**TASK REQUIREMENTS**:
Nothing but a number should be given: how many lines in the listing contain the word "Casa".

**WORKING DATA**:

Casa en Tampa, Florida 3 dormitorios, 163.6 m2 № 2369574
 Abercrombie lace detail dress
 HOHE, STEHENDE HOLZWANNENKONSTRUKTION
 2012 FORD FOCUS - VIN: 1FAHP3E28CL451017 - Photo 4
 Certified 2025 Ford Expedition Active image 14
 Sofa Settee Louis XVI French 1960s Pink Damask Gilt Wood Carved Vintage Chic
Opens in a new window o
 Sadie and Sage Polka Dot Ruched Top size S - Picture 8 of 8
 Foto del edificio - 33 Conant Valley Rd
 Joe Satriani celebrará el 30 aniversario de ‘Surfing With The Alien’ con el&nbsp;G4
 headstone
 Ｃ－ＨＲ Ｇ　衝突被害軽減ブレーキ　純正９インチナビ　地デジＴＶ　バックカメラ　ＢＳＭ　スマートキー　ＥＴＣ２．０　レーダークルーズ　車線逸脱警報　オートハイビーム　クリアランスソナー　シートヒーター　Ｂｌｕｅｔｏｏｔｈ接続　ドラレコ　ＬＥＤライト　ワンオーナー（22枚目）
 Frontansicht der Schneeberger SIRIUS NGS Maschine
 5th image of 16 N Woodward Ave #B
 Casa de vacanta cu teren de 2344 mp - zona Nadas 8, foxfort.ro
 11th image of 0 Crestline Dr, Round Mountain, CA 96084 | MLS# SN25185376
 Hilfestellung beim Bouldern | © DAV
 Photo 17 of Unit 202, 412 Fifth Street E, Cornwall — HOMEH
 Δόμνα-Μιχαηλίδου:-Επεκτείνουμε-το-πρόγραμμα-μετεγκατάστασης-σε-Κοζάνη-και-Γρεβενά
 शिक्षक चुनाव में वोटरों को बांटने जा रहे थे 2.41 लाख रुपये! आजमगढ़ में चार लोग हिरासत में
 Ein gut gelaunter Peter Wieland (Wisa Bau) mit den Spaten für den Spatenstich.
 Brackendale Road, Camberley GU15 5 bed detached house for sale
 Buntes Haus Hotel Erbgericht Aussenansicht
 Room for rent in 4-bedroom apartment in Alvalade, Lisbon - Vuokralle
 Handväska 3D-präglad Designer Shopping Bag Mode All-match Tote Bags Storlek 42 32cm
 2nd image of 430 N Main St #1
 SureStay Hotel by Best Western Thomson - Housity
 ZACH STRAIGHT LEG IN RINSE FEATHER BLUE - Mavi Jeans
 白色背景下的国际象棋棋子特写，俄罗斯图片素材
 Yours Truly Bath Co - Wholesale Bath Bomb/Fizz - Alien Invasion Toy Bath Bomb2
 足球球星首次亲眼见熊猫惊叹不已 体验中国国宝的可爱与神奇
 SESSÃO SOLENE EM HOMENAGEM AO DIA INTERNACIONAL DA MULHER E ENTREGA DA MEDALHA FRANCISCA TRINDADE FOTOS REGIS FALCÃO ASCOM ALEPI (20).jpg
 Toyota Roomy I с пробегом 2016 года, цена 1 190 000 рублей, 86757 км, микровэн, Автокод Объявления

**ANSWER FOR THE TASK**:
2